# BiasBusterAI: Preprocessing StereoSet Data for Bias Analysis

This cell defines the `get_data` function for the **BiasBusterAI** project, which fetches and processes JSON data from the StereoSet dataset to prepare it for bias analysis. The function:

1. Retrieves JSON data from a specified URL.
2. Concatenates and flattens nested data structures.
3. Explodes and normalizes sentence data.
4. Combines context and sentence text, creates numeric bias labels, and formats the output.
5. Returns a DataFrame (`text`, `bias_type`, `bias_label`) with lowercase text and a dictionary mapping bias types to numeric labels.

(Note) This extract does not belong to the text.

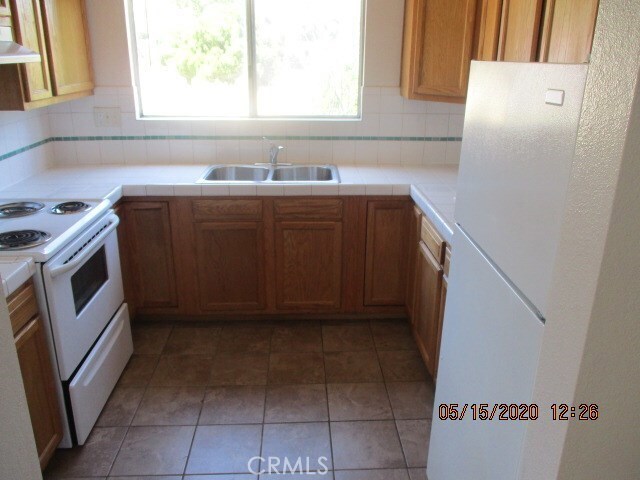 Photo - 33119 Jamieson St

The StereoSet dataset is used to evaluate biases in language models, aligning with **BiasBusterAI**'s goal of detecting and analyzing biases.

In [None]:
import pandas as pd
from typing import Tuple, Dict

def get_data(url: str) -> Tuple[pd.DataFrame, Dict[str, int]]:
    """
    Description:
        Fetches and processes JSON data from a URL for bias analysis in BiasBusterAI.

    Args:
        url (str): The URL pointing to the JSON data (e.g., StereoSet dataset).

    Returns:
        Tuple[pd.DataFrame, Dict[str, int]]: A tuple containing:
            - A DataFrame with columns 'text' (lowercase, concatenated context and sentence),
              'bias_type' (type of bias), and 'bias_label' (numeric mapping of bias types).
            - A dictionary mapping bias types (str) to numeric labels (int).
    """
    # Concatenate nested data from the first two rows of the second column
    df_concated = pd.concat([pd.DataFrame(df.iloc[0,1]), pd.DataFrame(df.iloc[1,1])])
    
    # Explode the 'sentences' column to create a row for each sentence
    df_exp = df_concated.explode("sentences").reset_index(drop=True)
    
    # Normalize the 'sentences' column to flatten nested JSON structures
    sentences_df = pd.json_normalize(df_exp["sentences"])
    
    # Combine the exploded DataFrame (without 'sentences') with normalized sentences
    df_flat = pd.concat([df_exp.drop(columns=["sentences"]), sentences_df], axis=1)
    
    # Create a 'text' column by concatenating 'context' and 'sentence' with a space
    df_flat["text"] = (
        df_flat["context"].astype(str).str.strip() + " " +
        df_flat["sentence"].astype(str).str.strip()
    )
    
    # Create a mapping of unique bias types to numeric labels
    bias_map = {b: i for i, b in enumerate(df_flat["bias_type"].unique())}
    
    # Map bias types to numeric labels
    df_flat["bias_label"] = df_flat["bias_type"].map(bias_map)
    
    # Select relevant columns and convert text to lowercase
    final_df = df_flat[['text', 'bias_type', 'bias_label']]
    final_df['text'] = final_df['text'].str.lower()
    
    return final_df, bias_map

url = "https://raw.githubusercontent.com/moinnadeem/StereoSet/master/data/dev.json"
df, class_to_idx = get_data(url)

# BiasBusterAI: Splitting Data into Training and Validation Sets

This cell defines the `get_train_val_dataset` function for the **BiasBusterAI** project, which splits a preprocessed DataFrame into training and validation sets for bias analysis. The function:

1. Takes a DataFrame.
2. Splits the data into training (80%) and validation (20%) sets, stratified by `bias_label` to maintain class distribution.
3. Uses a fixed random seed for reproducibility.
4. Returns the training and validation DataFrames.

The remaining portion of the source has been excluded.